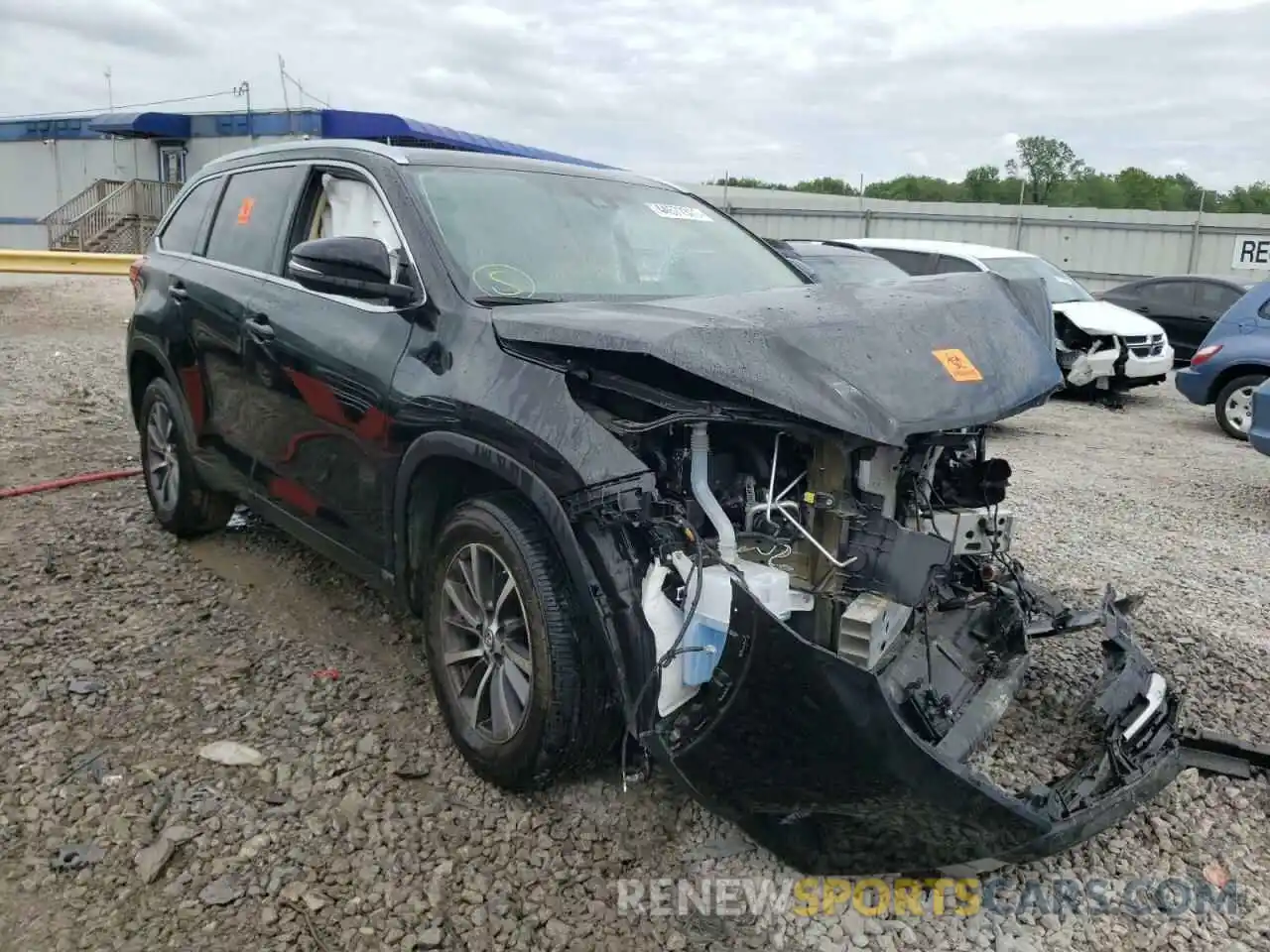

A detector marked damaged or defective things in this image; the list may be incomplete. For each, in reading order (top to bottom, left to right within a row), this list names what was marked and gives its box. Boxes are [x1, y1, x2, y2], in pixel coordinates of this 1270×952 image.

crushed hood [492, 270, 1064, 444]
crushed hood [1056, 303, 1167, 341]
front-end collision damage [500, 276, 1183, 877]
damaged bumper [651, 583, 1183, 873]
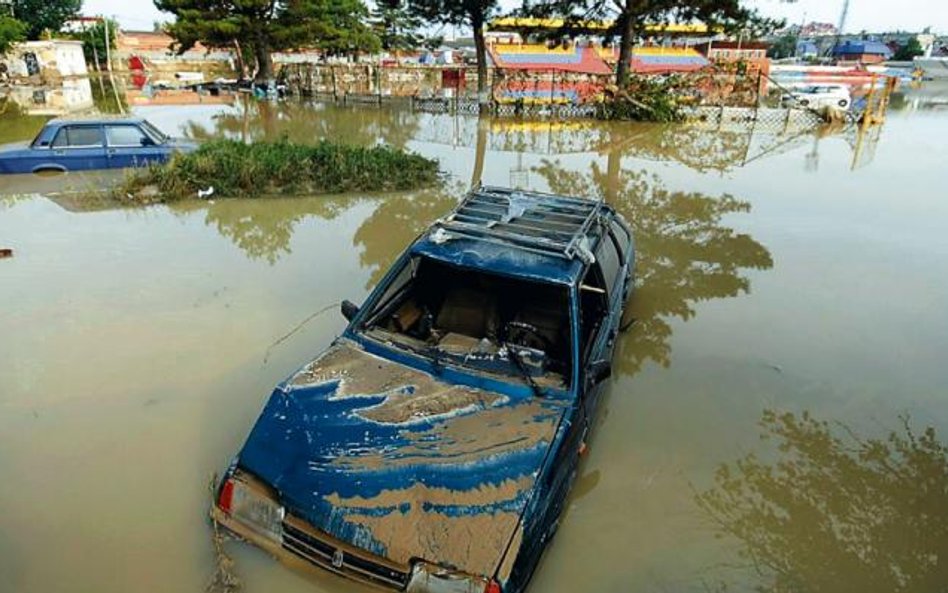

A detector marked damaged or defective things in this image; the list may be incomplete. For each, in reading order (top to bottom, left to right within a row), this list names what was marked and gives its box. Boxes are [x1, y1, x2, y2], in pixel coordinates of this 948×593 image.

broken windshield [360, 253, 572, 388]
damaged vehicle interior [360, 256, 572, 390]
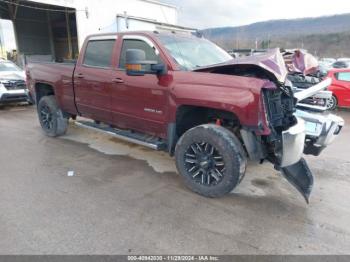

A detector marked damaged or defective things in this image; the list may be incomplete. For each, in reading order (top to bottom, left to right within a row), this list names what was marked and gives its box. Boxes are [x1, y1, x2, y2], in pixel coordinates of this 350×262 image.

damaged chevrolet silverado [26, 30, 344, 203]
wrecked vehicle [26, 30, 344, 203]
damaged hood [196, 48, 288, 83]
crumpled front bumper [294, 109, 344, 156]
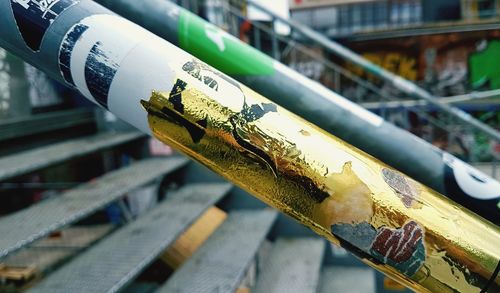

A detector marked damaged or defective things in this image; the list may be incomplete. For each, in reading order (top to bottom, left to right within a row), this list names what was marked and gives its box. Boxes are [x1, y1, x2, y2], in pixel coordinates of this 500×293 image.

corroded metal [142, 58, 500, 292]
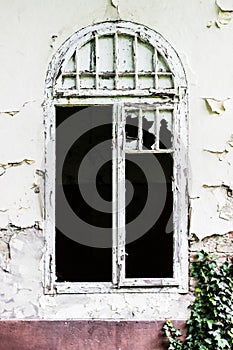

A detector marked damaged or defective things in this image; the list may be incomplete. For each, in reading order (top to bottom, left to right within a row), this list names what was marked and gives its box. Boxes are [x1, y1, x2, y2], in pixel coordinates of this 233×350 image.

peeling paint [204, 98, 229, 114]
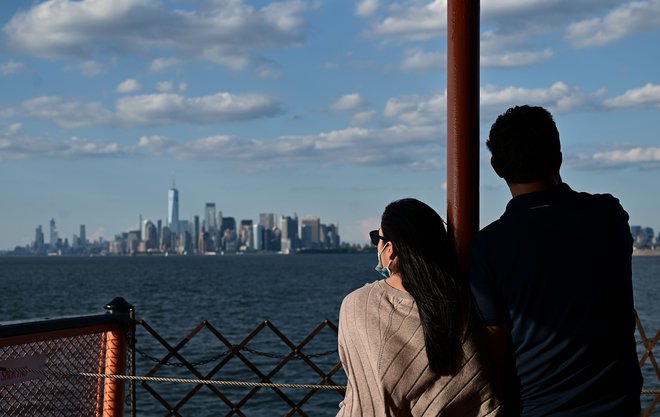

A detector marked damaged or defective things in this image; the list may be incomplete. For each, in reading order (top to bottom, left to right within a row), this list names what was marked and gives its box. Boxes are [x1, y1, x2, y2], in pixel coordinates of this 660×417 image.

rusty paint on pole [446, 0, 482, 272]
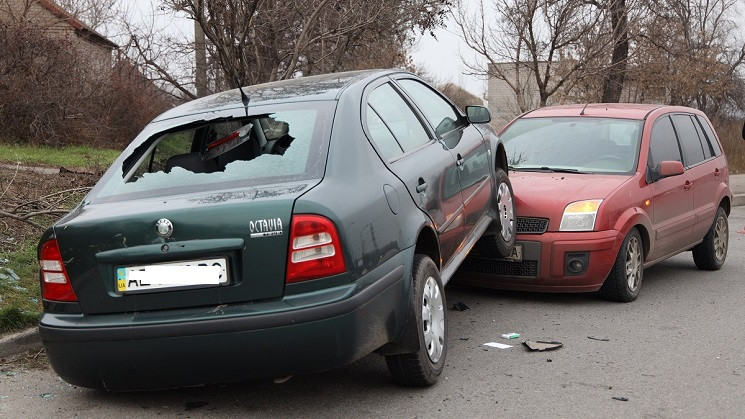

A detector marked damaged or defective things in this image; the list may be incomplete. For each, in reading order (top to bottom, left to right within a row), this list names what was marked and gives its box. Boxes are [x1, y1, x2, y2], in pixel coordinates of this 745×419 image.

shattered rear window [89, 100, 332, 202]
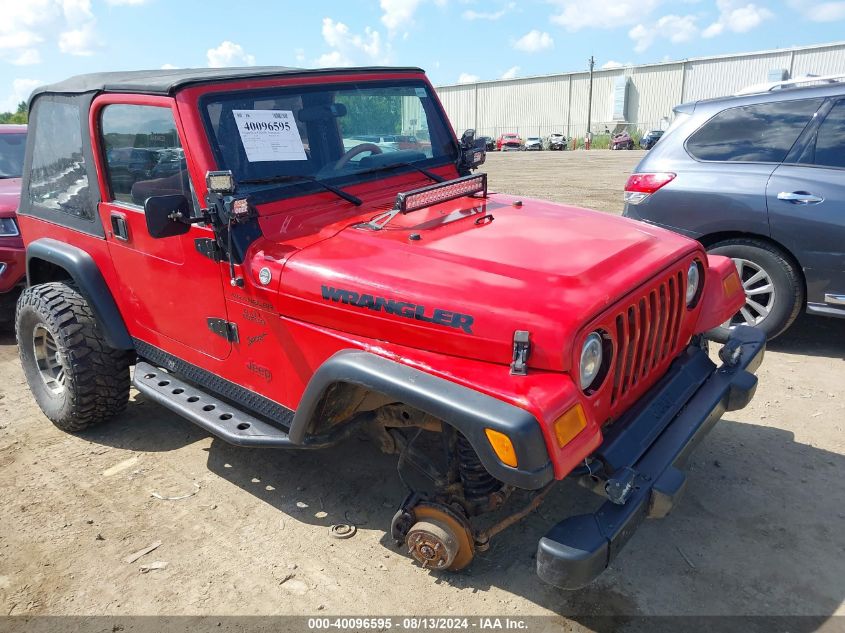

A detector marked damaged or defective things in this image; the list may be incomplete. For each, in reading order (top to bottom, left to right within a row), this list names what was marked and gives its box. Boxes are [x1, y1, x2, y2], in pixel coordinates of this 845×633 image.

- - - -

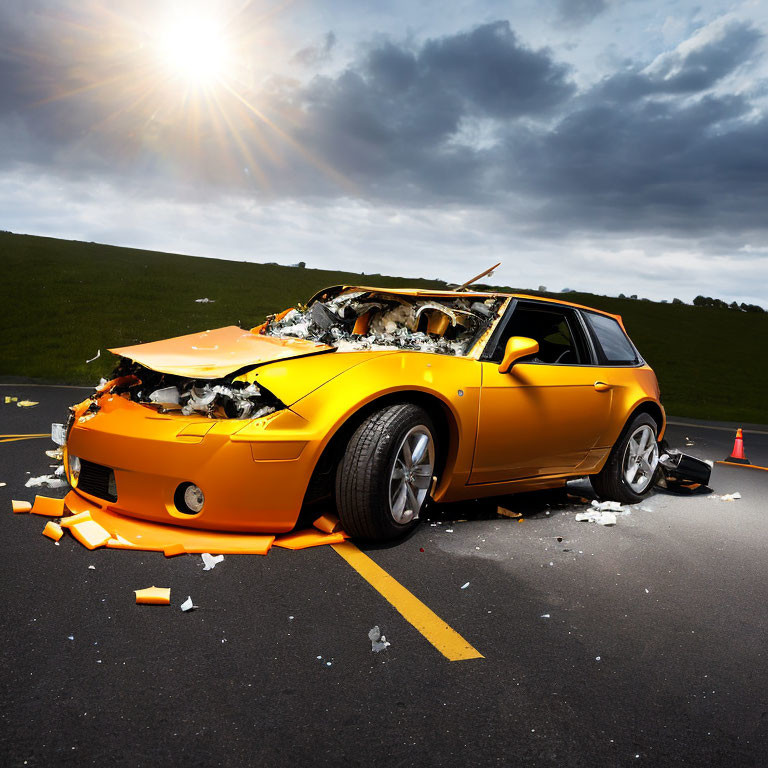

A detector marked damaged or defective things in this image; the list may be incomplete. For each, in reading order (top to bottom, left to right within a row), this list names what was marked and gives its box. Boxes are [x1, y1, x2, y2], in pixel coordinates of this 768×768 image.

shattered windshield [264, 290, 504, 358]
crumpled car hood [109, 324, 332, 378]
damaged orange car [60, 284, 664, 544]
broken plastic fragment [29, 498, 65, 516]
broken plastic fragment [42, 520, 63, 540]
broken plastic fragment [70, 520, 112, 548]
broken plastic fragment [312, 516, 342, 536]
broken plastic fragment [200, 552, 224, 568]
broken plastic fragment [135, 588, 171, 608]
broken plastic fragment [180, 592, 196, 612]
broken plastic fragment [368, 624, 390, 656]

- - - -

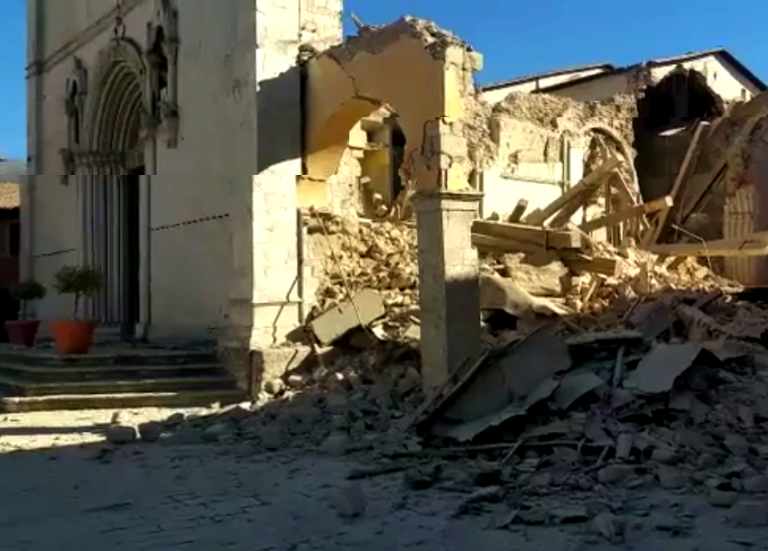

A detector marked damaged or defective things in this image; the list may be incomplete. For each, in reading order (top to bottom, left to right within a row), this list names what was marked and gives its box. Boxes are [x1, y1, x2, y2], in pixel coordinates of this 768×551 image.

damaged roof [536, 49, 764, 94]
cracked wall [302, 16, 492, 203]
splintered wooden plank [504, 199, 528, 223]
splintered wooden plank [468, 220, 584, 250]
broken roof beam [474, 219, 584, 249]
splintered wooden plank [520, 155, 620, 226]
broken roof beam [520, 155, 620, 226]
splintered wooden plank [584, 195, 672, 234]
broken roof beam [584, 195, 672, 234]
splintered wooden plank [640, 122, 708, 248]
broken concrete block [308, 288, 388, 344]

- - - -

= Problem to work on =
In the listing above, find the line containing "this 233×350 image." and the line containing "this 845×633 image.". Reproduce those lines and all between them exactly, with no pictures and nothing more.

= Completed exercise =
A detector marked damaged or defective things in this image; the list may be incomplete. For each, in reading order (top to bottom, left to right within a row), this list names what was marked and gives its box. Boxes are [x1, y1, x2, y2], in pixel coordinates of this 233×350 image.

peeling paint [204, 98, 229, 114]

A detector marked damaged or defective things in this image; the list may be incomplete. For each, in reading order (top to bottom, left to right within a row), this list names what was marked and gives its box. Boxes are [x1, y1, x2, y2], in pixel coordinates of this 660×417 image.

rusty paint on pole [446, 0, 482, 272]

A detector marked damaged or defective things in this image; the list may be incomplete. For each, in reading order (top to bottom, left to right within a row), this list names what was marked and gives its box. Boxes are [x1, y1, x2, y2], in pixel coordinates of this 745×419 image.

shattered rear window [89, 100, 332, 202]

A detector marked damaged or defective things in this image; the list may be incomplete. For each, in reading order (top to bottom, left to right within a row), this list names what was marked and gives its box. Boxes are [x1, y1, x2, y2], in pixel coordinates of this 845×633 image.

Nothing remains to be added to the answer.